| Exercise instructions |
Exact copies of the lines below, from the one with "On your screens" up to and including the one with "We're going to add", are what this calls for; leave out pictures.

| Input material |
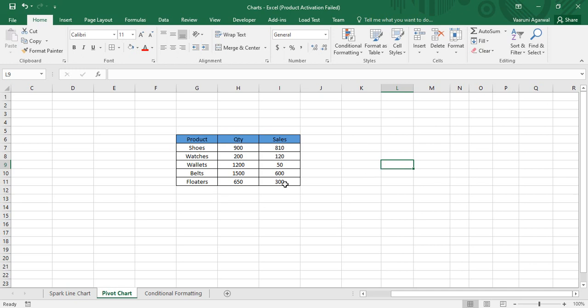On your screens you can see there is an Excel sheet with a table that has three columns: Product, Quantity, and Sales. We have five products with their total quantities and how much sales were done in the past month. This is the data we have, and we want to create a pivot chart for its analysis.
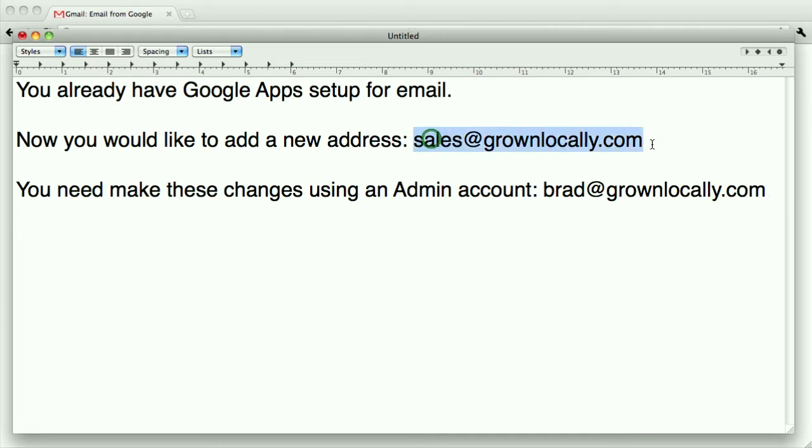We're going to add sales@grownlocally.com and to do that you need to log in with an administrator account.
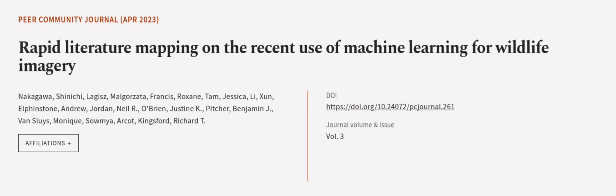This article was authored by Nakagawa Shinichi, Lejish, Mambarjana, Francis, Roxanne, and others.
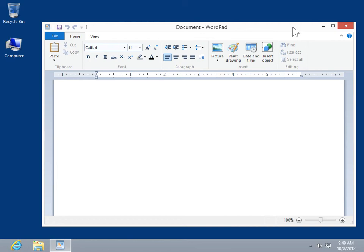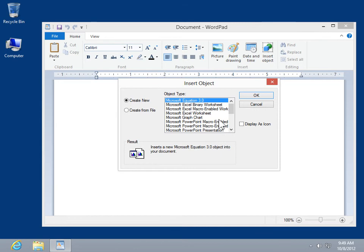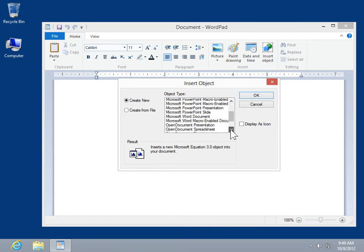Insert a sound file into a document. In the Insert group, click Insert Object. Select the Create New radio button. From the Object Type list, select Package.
...
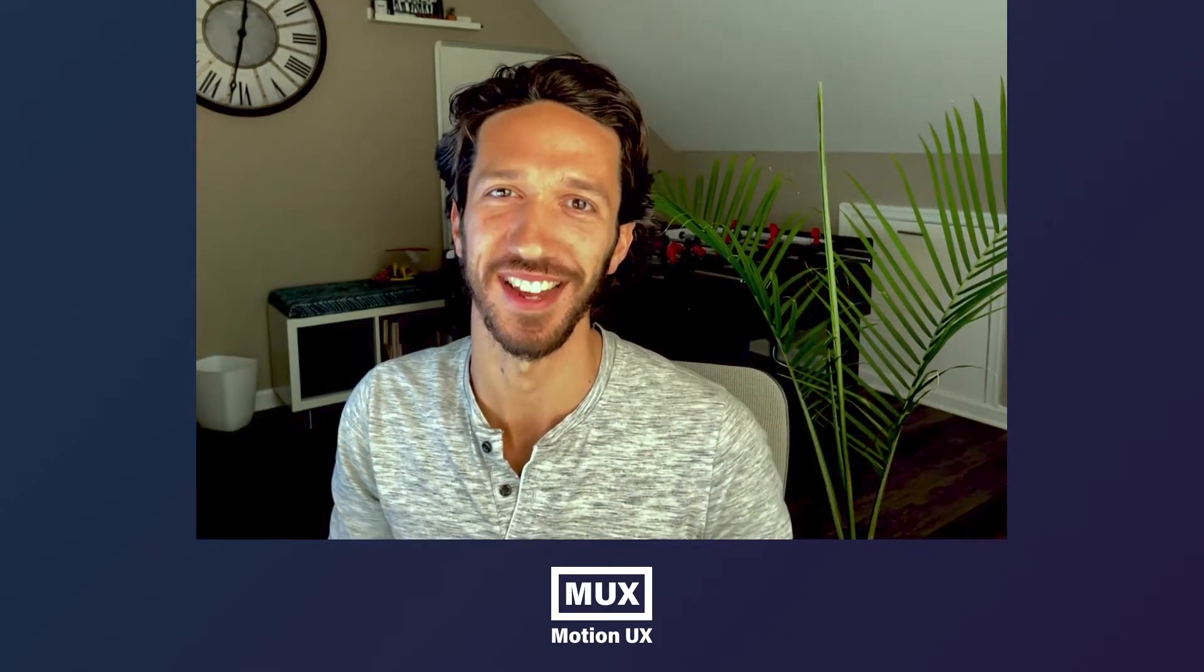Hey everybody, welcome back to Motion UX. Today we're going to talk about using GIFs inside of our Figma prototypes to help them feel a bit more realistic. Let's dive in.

| Solution for this task |
On your screens you can see there is an Excel sheet with a table that has three columns: Product, Quantity, and Sales. We have five products with their total quantities and how much sales were done in the past month. This is the data we have, and we want to create a pivot chart for its analysis.
We're going to add sales@grownlocally.com and to do that you need to log in with an administrator account.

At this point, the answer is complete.